Exercise goal: Leave the pictures out and quote only the lines from the one with "breasts, brown_boots, brown_eyes" down to the end of the listing below.

Data excerpt:
• • • • •

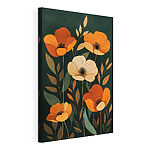 Canvas Schilderijen Schilderij van bloemen en bladeren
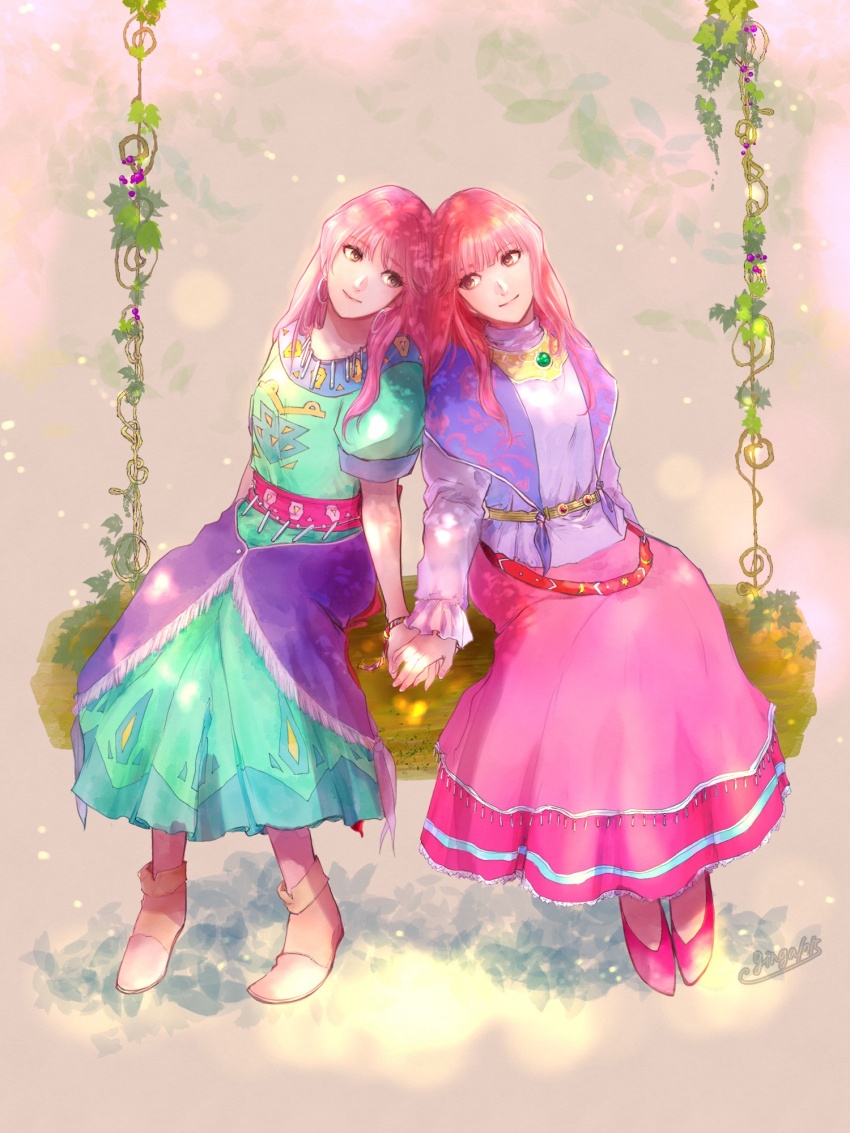 2girls, ankle_boots, aqua_dress, artist_name, boots, breasts, brown_boots, brown_eyes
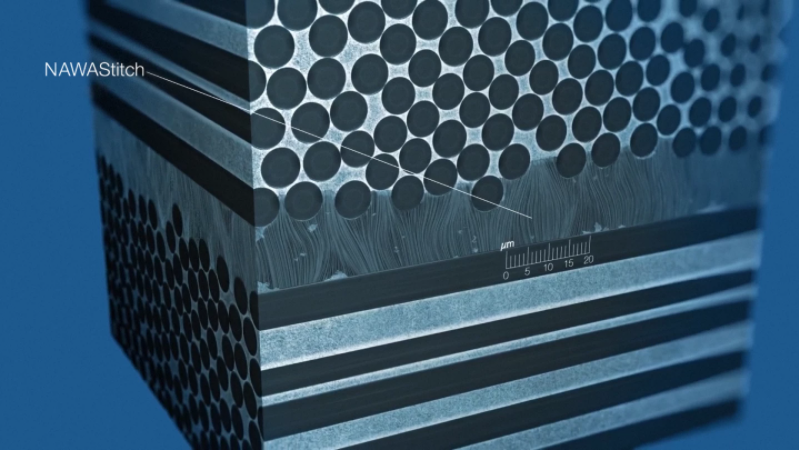 A layer of vertically aligned carbon nanotubes between laminations makes for a much stronger bond.png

• • • • •

Written answer:
 2girls, ankle_boots, aqua_dress, artist_name, boots, breasts, brown_boots, brown_eyes
 A layer of vertically aligned carbon nanotubes between laminations makes for a much stronger bond.png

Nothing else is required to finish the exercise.